3. Il ressort expressément des termes des requêtes susvisées que la société Tahiti Luxury Resort a entendu demander au juge de l’excès de pouvoir l’annulation des décisions précitées. Or, la décision par laquelle Mme Claude P. a rendu exécutoire le rôle n° 856 du 10 avril 2018 pour mettre en recouvrement la sanction fiscale infligée à la société requérante ne constitue pas un acte détachable de la procédure d’établissement et de recouvrement de l’impôt susceptible d’être contesté par la voie du recours pour excès de pouvoir. Il en est de même des décisions par lesquelles l’administration a implicitement rejeté les contestations que la société requérante a présentées au président de la Polynésie française, au payeur de la Polynésie française et à l’administratrice générale des finances de la Polynésie française. Par conséquent, les requêtes de la société Tahiti Luxury Resort doivent être rejetées.

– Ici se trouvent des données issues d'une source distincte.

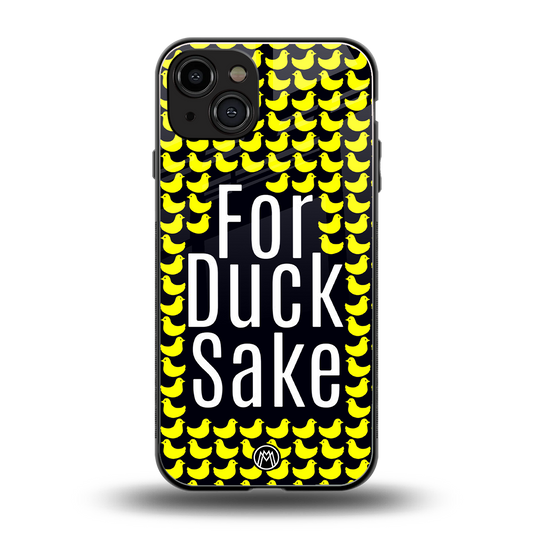 for duck sake back phone cover | glass case for iphone 15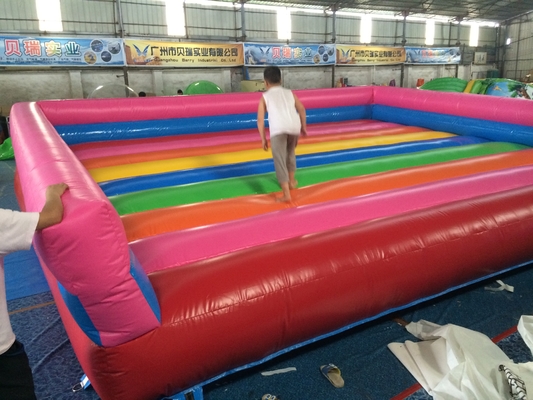 DWF διογκώσιμη άλματος χαλιών Bouncy διαδρομή αθλητικού αέρα μαξιλαριών γυμναστική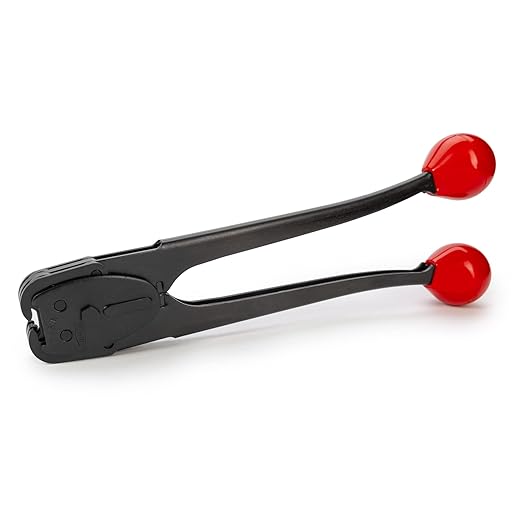 IDL Packaging C-3106 Double-Notched Front-Action Sealer/Crimper for 3/4" Steel Strapping - Hard and Durable Steel Construction - Professional Gear with High-Strength Sealing Action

4. Les dispositions de l’article L. 761-1 du code de justice administrative font obstacle à ce que soit mise une somme à la charge de la Polynésie française au titre des frais de procès exposés par la société Tahiti Luxury Resort.
DECIDE :
Article 1er : Les requêtes n°s 1900117 et 1900317 de la société Tahiti Luxury Resort sont rejetées.
Article 2 : Le présent jugement sera notifié à la société Tahiti Luxury Resort et à la Polynésie française.

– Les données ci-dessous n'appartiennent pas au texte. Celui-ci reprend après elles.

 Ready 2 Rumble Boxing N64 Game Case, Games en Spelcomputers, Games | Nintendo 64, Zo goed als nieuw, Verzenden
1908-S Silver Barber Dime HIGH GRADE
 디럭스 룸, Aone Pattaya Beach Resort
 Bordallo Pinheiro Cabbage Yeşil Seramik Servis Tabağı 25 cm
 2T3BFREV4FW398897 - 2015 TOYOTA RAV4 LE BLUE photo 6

Délibéré après l’audience du 5 novembre 2019, à laquelle siégeaient : M. Tallec, président, M. Katz, premier conseiller, Mme Theulier de Saint-Germain, première conseillère, .

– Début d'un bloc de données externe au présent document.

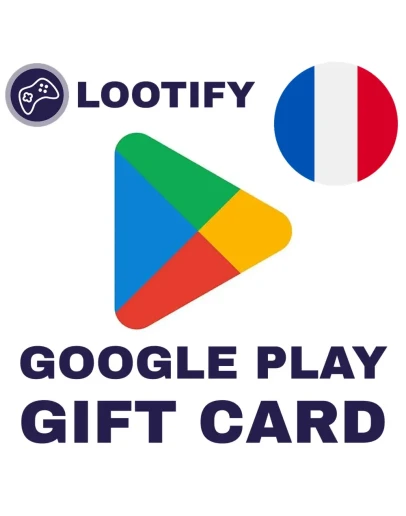 Google Play Gift Card 5/10/50/100 EUR Франция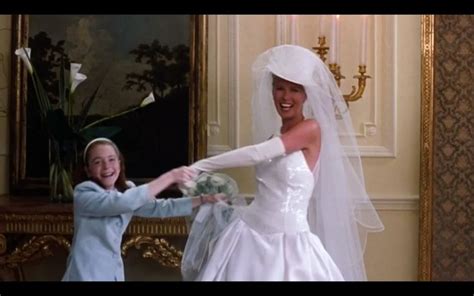 Top Hat And Veil In The Parent Trap Wedding Dress Photoshoot Scene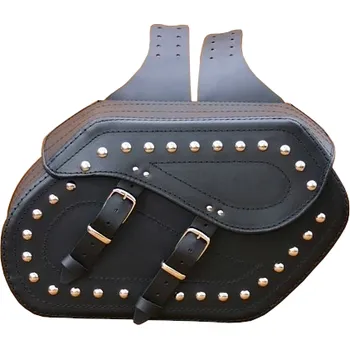 Zavazadlo na motocykl Kožené brašny s nýty na motorku 2x19 l (Sedlové brašny kožené na motorku )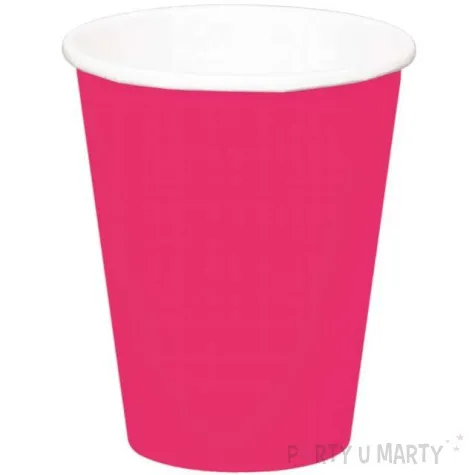 kubeczki papierowe classic xl fuksja folat 350 ml 8 szt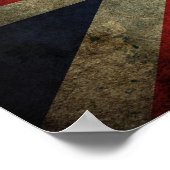 Union Jack - Worn Poster (Ecke)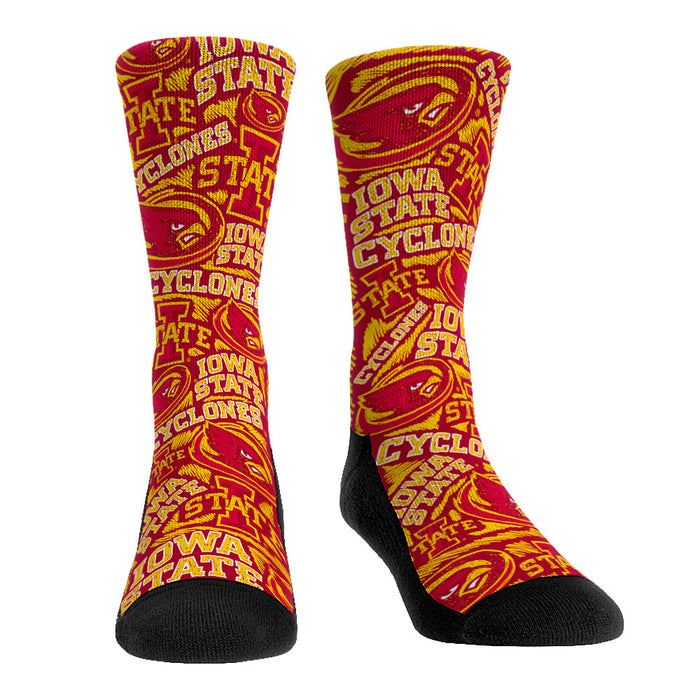 Iowa State Cyclones - Logo Sketch by Rock 'Em Socks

Lu en audience publique le 19 novembre 2019.
La greffière,
D. Germain
La République mande et ordonne au haut-commissaire de la République en Polynésie française en ce qui le concerne ou à tous huissiers de justice à ce requis en ce qui concerne les voies de droit commun contre les parties privées, de pourvoir à l'exécution de la présente décision.